OPTIONAL SUGGESTED TOPPINGS:
Whole-grain or gluten-free buns, mustard, ketchup, lettuce, vegan mayo, tomato slices, pickles, avocado, caramelized or pickled onions, sauteed mushrooms, and vegan cheese.

RECIPE

  1. If desired and not already cooked, sauté chopped vegetables in a skillet with 1T olive oil until tender to end up with 1 c.
  2. In a large bowl, mash the beans with a fork until mostly smooth, leaving a few beans whole (if black beans) or in smaller pieces (if larger beans) for texture.
  3. Add salsa, tamari, spices, salt, and pepper, and stir to combine.
  4. Stir in garbanzo bean flour.
  5. Add cooked rice or grain, the chopped nuts, and the optional cooked vegetables.
  6. Mix well until combined to form a cohesive patty mixture, and if possible, let the mixture rest for 10 minutes so the flour and rice can absorb some of the moisture and flavor.
  7. Form patties from the mixture using your hands, a spoon, or an ice cream scoop, then flatten.
  8. Heat olive oil in a skillet over medium-high heat. Cook patties for 3–4 minutes on each side, or until browned and firm.
  9. Serve with your favorite toppings. Enjoy!

 

CHEF’S NOTES:

  • This recipe really will work with just the simplest version – leftover salsa, beans, seasonings, garbanzo bean flour,
    and nuts.
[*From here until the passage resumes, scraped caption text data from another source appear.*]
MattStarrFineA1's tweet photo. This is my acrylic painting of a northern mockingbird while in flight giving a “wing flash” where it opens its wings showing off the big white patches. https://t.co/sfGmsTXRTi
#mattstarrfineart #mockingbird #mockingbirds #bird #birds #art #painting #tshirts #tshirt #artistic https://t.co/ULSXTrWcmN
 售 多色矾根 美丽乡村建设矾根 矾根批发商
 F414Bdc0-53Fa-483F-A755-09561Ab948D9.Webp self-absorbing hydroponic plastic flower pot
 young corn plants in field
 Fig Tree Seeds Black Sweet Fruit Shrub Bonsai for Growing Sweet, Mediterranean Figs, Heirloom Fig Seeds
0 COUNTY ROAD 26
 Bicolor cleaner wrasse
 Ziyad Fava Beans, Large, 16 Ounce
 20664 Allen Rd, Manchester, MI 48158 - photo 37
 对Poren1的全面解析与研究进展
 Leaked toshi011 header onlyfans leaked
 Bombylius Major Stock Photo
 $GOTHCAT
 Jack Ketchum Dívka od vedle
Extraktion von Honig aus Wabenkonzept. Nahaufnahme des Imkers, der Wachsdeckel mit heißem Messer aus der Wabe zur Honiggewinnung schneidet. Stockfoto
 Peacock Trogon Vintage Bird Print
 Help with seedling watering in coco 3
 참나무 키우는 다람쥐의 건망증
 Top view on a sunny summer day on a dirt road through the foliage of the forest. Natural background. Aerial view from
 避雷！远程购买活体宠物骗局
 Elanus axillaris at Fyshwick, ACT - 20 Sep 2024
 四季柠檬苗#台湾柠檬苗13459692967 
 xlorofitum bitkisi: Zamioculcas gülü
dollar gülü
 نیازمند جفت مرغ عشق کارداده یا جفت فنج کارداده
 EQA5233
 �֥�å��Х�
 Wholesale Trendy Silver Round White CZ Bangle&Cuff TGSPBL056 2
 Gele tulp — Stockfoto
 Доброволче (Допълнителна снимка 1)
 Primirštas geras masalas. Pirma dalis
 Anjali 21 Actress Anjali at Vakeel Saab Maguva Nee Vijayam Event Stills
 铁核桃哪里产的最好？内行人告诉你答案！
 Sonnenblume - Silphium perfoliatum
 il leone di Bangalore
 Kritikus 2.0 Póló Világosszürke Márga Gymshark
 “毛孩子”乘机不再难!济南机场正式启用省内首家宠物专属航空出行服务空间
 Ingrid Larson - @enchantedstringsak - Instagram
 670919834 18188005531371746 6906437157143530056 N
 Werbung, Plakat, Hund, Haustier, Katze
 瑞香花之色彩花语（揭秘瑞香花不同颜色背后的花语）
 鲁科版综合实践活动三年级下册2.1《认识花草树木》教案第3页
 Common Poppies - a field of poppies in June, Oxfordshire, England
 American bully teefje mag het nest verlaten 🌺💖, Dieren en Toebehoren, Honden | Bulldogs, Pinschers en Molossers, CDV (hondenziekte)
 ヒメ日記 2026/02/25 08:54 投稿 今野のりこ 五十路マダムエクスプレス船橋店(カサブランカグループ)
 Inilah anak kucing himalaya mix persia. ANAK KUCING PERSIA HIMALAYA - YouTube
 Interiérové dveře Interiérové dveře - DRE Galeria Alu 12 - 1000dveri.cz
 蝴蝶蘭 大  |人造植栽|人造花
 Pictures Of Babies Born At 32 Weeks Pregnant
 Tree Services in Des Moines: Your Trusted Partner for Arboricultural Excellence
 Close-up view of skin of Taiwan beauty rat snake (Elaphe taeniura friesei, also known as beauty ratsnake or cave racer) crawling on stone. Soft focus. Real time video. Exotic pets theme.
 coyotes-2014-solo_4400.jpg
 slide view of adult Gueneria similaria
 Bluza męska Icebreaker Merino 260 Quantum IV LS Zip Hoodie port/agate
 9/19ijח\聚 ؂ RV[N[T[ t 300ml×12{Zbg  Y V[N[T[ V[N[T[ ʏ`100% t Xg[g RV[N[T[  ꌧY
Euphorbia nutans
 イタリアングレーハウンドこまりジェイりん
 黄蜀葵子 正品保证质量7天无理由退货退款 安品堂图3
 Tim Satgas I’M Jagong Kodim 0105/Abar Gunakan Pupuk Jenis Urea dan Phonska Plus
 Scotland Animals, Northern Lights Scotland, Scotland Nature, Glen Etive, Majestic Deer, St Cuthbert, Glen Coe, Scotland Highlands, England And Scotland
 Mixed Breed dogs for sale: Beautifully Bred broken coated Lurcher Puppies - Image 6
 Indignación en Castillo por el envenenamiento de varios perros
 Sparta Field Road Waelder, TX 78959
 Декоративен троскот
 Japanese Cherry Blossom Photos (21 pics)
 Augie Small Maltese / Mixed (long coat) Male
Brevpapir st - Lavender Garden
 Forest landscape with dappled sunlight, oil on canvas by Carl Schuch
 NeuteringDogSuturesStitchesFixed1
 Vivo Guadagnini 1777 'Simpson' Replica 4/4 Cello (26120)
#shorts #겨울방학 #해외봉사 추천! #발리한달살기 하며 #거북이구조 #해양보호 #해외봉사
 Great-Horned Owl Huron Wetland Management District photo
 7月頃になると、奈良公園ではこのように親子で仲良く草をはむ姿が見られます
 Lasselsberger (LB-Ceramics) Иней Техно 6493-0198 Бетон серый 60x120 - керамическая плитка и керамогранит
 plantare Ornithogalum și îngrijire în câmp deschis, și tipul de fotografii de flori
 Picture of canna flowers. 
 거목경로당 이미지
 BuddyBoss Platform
But adding the optional veggies will make it even better!!
  • You can also place the patties on an oiled baking sheet and bake in the oven at 375, flipping halfway through
    baking.
  • These cooked burgers freeze well. Allow to cool before storing in a sealed container.
  • Customize with your favorite herbs and spices.
  • If you have leftover spaghetti sauce instead of salsa, use it in the same proportion but swap the chili powder, cumin
    and coriander for Italian seasoning blend, basil, and oregano.
  • The nuts add a great texture boost, but you can leave them out for a nut-free version. You can also add sunflower
    seeds, if those are appropriate for those who may be allergic to tree nuts.
  • Make sure your flour choice, tamari, or soy sauce is GF if serving as such.